Gangasrotagati, Kurmagati and Mandeikagati

It often seems as if Prime Minister Modi thinks and lives gangasrotogati, among followers and opponents who only think and live kurmagati or at best mandeikagati.  

An example of this can be seen in the reaction to the results of the recent elections. While many of his followers were reveling in short-term triumphalism, and some of his opponents gave in to an equally myopic despondency, Mr. Modi appeared to draw the right conclusion, that the results revealed a gaping vulnerability for the BJP, and he moved decisively to address it.

One of the most penetrating examinations of the 2017 election result was provided by a blogger who goes under the name of “chaiwallah”. In an article published at OpIndia, the basic argument is laid with great clarity:

It is an irony that the BJP’s smashing victory in Uttar Pradesh might actually have made it more difficult for Modi to win in 2019. The bigger the BJP gets and the more states it wins, the more “Mahagathbandhans” will rise, making the path to victory in 2019 steeper and narrower.

In order to understand the argument better, we need to look at the figures for vote shares in the recent election. The table below shows the data.

2017 Election Vote Shares




Uttar Pradesh



Nowhere did the BJP and its allies win a popular vote majority, although in Uttarakhand they came close, in an election that was almost a two-party contest.. In Punjab they lost and probably would have lost even more dismally if AAP were not in the picture. In Goa the BJP received only about 32% of the vote, and any INC alliance with one of the regional parties could have won a majority of the seats. The BJP was dominant in Uttarakhand, and they improved their position substantially in Manipur. In the race for the big prize, Uttar Pradesh, the BJP and its allies did almost as well as in 2014, and this produced a huge seat tally.

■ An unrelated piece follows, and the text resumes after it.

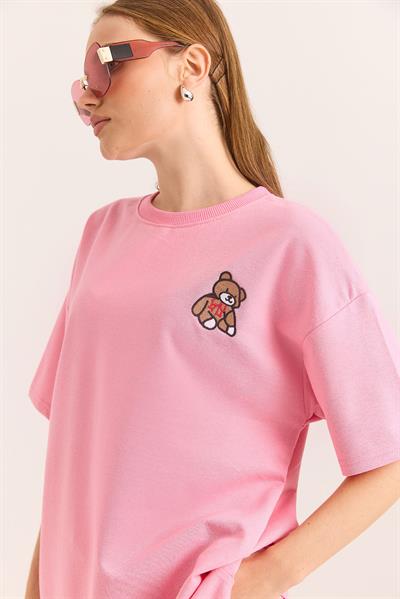 Ayıcık Nakışlı Oversize İki İp Tshirt  Pembe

However, a glance at the table above tells us that things may have turned out very differently if the BJP’s opponents had teamed up as a grand coalition in Uttar Paradesh, as they had done in Bihar in 2015. A Bihar style SP-BSP-INC Magahathbandhan would have defeated the NDA easily. Indeed, against the JD-RJD-INC coalition in Bihar in 2015, the NDA coalition was able to win only 58 out of 243 seats while the Mahagathbandhan won 178 seats. It seems likely that against a similar “great coalition” in Uttar Pradesh, the NDA coalition would have fared just as badly. And that would have meant that BJP would have suffered a great defeat, losing Uttar Pradesh, Goa and Punjab, and possibly also Manipur. Instead, we had the thumping BJP victory. All because BSP and SP did not work out a coalition.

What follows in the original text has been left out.